6 ОКТЯБРЯ. Два старика на переднем плане сцены за длинным столом. Один из них оперся обеими руками о стол и повернул направо к сцене только лицо, чья обманчивая отечная краснота, обрамленная неровной четырехугольной спутанной бородой, грустно скрывает его возраст, в то время как другой, напротив сцены, откинув назад свое высохшее от старости лицо, опирается на стол лишь левой рукой, правую держит согнутой на весу, чтобы лучше насладиться мелодией, в такт которой подрагивают носки его башмаков и короткая трубка в правой руке. «Пой же, тателе[3], со мной», – призывает женщина то одного, то другого, слегка склоняясь к ним и поощрительно маня руками.
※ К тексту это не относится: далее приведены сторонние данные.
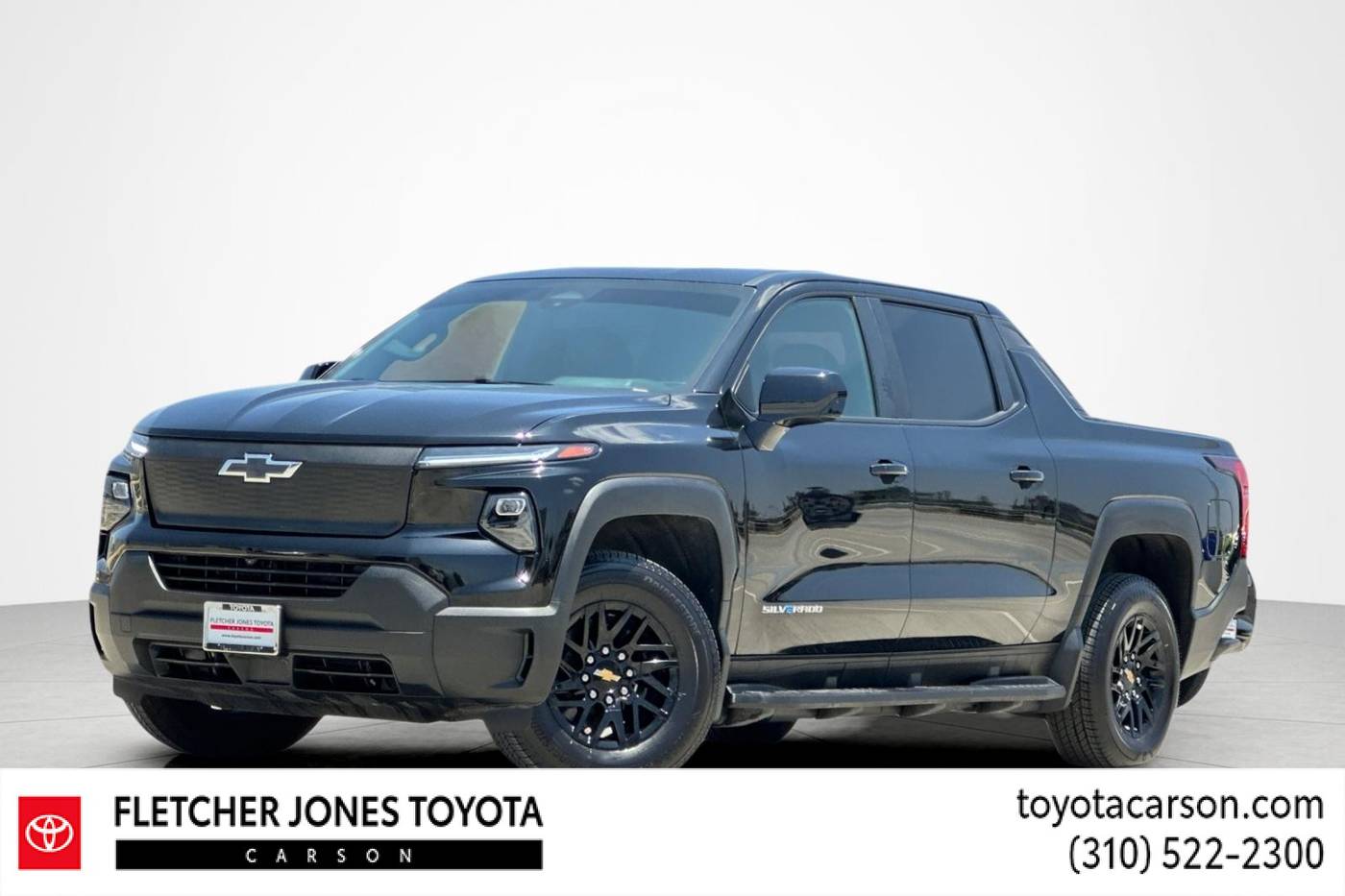 2024 Chevrolet Silverado EV WT — Pickup Truck — 1,673 mi — Carson, CA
Мелодии словно созданы, чтобы подхватить каждого вскочившего человека и, не раздирая, объять его восторгом, раз уж не верится, что они этот восторг ему дарят. Эти двое в кафтанах так и тянутся петь, словно только этого и не хватает всему организму, а всплескивания рук, сопровождающие пение, со всей очевидностью свидетельствуют о наилучшем самочувствии человека в артисте. – Дети хозяина в углу какими-то детскими узами связаны с госпожой Клюг на сцене, они поют, и рты их между выпученными губами полны мелодии.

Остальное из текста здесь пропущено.